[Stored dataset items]
====

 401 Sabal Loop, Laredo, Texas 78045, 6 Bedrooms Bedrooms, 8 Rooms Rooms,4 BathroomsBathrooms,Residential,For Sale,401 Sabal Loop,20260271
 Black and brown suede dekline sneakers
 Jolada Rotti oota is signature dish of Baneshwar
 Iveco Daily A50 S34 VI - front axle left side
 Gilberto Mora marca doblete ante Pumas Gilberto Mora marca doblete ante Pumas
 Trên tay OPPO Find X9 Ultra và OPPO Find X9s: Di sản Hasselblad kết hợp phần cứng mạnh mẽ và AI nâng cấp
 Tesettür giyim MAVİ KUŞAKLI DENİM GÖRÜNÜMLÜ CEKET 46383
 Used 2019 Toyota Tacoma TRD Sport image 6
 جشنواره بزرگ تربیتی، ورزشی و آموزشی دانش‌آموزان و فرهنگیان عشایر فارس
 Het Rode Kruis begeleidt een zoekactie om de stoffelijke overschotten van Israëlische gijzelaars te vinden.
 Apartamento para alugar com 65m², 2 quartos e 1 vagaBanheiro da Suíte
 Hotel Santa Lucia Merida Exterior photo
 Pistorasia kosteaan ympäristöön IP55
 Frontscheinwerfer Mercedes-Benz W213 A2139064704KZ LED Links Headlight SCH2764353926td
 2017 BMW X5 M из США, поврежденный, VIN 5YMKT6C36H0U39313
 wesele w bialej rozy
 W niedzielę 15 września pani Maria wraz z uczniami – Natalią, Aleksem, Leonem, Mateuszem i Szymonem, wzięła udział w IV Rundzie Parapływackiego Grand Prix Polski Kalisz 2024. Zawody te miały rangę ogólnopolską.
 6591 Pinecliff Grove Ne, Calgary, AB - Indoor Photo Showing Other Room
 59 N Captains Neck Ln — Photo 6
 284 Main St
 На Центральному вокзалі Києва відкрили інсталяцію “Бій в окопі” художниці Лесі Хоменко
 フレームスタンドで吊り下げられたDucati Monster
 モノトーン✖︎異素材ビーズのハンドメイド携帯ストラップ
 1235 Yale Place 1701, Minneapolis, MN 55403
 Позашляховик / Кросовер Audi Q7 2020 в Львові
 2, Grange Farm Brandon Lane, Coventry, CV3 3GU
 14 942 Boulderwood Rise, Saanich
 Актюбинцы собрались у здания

====

Aim of the exercise:
Retype all of the records so that every line matches the original exactly.

Output of the task:
 401 Sabal Loop, Laredo, Texas 78045, 6 Bedrooms Bedrooms, 8 Rooms Rooms,4 BathroomsBathrooms,Residential,For Sale,401 Sabal Loop,20260271
 Black and brown suede dekline sneakers
 Jolada Rotti oota is signature dish of Baneshwar
 Iveco Daily A50 S34 VI - front axle left side
 Gilberto Mora marca doblete ante Pumas Gilberto Mora marca doblete ante Pumas
 Trên tay OPPO Find X9 Ultra và OPPO Find X9s: Di sản Hasselblad kết hợp phần cứng mạnh mẽ và AI nâng cấp
 Tesettür giyim MAVİ KUŞAKLI DENİM GÖRÜNÜMLÜ CEKET 46383
 Used 2019 Toyota Tacoma TRD Sport image 6
 جشنواره بزرگ تربیتی، ورزشی و آموزشی دانش‌آموزان و فرهنگیان عشایر فارس
 Het Rode Kruis begeleidt een zoekactie om de stoffelijke overschotten van Israëlische gijzelaars te vinden.
 Apartamento para alugar com 65m², 2 quartos e 1 vagaBanheiro da Suíte
 Hotel Santa Lucia Merida Exterior photo
 Pistorasia kosteaan ympäristöön IP55
 Frontscheinwerfer Mercedes-Benz W213 A2139064704KZ LED Links Headlight SCH2764353926td
 2017 BMW X5 M из США, поврежденный, VIN 5YMKT6C36H0U39313
 wesele w bialej rozy
 W niedzielę 15 września pani Maria wraz z uczniami – Natalią, Aleksem, Leonem, Mateuszem i Szymonem, wzięła udział w IV Rundzie Parapływackiego Grand Prix Polski Kalisz 2024. Zawody te miały rangę ogólnopolską.
 6591 Pinecliff Grove Ne, Calgary, AB - Indoor Photo Showing Other Room
 59 N Captains Neck Ln — Photo 6
 284 Main St
 На Центральному вокзалі Києва відкрили інсталяцію “Бій в окопі” художниці Лесі Хоменко
 フレームスタンドで吊り下げられたDucati Monster
 モノトーン✖︎異素材ビーズのハンドメイド携帯ストラップ
 1235 Yale Place 1701, Minneapolis, MN 55403
 Позашляховик / Кросовер Audi Q7 2020 в Львові
 2, Grange Farm Brandon Lane, Coventry, CV3 3GU
 14 942 Boulderwood Rise, Saanich
 Актюбинцы собрались у здания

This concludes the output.